Yes, and this can be checked.

Then my plan was to go from \varphi_{1} to \chi_{1} and then back again. So take bra-kets squared and then do the same for \chi_{2}. So I'm assuming the wave function is in the state \varphi_{1} and then working out the probability of it going to either of the B states and then the probability of it going back to \varphi_{1}.

Yes, that is the right idea. You have some general wavefunction describing a quantum system. You are told that when the observable corresponding to the operator A is measured, you obtain the value a₁. So, the wavefunction has collapsed into an eigenstate of A, that being $\varphi_1$. Now, assume we measure B right away (we are not given that $\varphi_1$ is a stationary state of some Hamitonian, so the system might naturally evolve if we leave it long enough, but that need not concern us.) To obtain the possible values of B in the state $\varphi_1$, you need to express this state in terms of the eigenfunctions of B. Happily, the question did that for you. So, what are the possible outcomes and their corresponding probabilities?

 

[Rookiemonster]

so the bra-ket of \varphi_{1} and \varphi_{2} should be equal to zero.
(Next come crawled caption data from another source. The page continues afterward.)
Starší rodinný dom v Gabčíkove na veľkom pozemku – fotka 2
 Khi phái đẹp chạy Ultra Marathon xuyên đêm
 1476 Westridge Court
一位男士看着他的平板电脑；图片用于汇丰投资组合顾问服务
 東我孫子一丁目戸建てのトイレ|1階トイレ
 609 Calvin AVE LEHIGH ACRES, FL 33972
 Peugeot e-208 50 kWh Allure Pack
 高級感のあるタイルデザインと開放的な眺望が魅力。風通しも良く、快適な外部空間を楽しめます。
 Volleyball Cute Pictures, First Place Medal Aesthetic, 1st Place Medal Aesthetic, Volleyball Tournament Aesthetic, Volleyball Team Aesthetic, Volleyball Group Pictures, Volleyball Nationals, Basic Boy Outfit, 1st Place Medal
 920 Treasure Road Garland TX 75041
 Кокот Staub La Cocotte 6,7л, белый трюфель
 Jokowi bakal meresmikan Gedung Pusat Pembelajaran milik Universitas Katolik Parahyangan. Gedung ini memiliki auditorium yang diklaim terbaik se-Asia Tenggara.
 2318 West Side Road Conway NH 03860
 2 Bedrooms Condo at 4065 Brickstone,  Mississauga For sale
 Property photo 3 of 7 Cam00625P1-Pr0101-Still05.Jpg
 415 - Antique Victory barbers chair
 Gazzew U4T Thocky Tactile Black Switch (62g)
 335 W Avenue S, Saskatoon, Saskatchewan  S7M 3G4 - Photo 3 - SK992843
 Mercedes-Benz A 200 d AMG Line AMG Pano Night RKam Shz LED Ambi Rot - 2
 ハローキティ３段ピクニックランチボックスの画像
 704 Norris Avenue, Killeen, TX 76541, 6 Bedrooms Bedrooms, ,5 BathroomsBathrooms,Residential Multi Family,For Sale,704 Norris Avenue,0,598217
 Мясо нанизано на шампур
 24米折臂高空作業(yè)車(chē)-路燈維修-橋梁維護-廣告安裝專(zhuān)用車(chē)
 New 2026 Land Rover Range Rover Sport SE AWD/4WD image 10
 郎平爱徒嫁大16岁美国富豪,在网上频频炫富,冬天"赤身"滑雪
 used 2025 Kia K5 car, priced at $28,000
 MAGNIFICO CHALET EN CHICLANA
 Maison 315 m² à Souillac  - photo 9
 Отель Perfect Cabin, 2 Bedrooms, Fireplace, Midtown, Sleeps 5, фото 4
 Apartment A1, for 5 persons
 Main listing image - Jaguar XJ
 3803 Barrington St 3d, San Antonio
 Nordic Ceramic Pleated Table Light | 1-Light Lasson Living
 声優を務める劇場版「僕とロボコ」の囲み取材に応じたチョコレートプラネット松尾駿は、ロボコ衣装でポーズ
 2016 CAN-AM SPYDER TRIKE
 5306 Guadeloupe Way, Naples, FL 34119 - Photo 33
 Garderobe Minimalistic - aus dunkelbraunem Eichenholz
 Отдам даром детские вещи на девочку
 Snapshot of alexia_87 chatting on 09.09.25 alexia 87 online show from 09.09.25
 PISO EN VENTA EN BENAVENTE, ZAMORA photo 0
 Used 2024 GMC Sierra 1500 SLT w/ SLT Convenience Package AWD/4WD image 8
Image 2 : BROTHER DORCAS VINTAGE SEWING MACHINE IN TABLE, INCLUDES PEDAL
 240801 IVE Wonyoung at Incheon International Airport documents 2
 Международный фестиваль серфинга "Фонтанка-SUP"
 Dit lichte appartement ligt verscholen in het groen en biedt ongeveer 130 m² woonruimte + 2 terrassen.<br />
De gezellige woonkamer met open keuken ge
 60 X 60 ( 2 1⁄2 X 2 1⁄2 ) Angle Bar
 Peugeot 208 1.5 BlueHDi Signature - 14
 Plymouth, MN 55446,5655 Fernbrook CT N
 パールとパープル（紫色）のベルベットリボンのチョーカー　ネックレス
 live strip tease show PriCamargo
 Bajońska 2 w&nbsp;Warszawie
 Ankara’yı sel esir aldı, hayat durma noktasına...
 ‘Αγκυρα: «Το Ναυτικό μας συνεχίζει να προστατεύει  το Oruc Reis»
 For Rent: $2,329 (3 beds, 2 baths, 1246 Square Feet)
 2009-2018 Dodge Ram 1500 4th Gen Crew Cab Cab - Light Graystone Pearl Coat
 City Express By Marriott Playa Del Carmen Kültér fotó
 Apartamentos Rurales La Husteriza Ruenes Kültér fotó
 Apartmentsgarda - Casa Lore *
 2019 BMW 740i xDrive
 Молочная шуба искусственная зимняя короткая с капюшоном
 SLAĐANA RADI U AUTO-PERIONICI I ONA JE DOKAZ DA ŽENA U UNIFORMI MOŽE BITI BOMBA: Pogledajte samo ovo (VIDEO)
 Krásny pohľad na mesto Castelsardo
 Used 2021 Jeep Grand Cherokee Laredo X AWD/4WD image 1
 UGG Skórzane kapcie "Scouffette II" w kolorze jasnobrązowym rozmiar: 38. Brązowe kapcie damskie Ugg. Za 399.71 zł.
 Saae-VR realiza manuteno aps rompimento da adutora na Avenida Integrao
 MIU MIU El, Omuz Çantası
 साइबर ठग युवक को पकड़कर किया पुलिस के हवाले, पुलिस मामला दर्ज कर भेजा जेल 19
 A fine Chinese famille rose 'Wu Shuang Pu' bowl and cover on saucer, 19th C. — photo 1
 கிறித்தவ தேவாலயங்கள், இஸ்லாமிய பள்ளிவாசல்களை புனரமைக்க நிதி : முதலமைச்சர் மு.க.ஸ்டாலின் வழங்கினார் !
Therefore, either \varphi_{1} or \varphi_{2} needs to be zero in total.

Therefore, \chi_{1}=3 and \chi_{2}=-2 or \chi_{1}=2 \chi_{2}=3

The problem is putting these values into a squared bra-ket of \varphi_{1} and \chi_{1} yields a probability greater than one.

 

[CAF123]

so the bra-ket of \varphi_{1} and \varphi_{2} should be equal to zero.

Therefore, either \varphi_{1} or \varphi_{2} needs to be zero in total.

I am not sure what you mean by that - the bra-ket being zero is due to the orthogonality of the states, i.e $\varphi_1, \varphi_2$ are eigenstates of A with different eigenvalues, so their inner product vanishes.

Therefore, \chi_{1}=3 and \chi_{2}=-2 or \chi_{1}=2 \chi_{2}=3

The $\chi_i$ and $\varphi_i$ need not be identically equal to a constant always. I'll start you off on the right track: You were given that A is measured and the result $a_1$ found. This means your system is now in the eigenstate $\varphi_1$. Now you measure B while the system is in this state. To find the possible values of B, you must decompose $\varphi_1$ into the eigenstates of B (the $\chi_i$). So $\varphi_1 = c_1 \chi_1 + c_2 \chi_2$. If the state is normalized, then $|c_1|^2 + |c_2|^2 = 1$ and so the interpretation is that the $c_i$ are the possible outcomes of B in the state $\varphi_1$ and $|c_i|^2$ is the corresponding probability. Since you must measure some value of B, these probabilities must add up to 1, as you can also check.

 

[Rookiemonster]

Are you are a hero. I hadn't thought to use the probability of coefficients.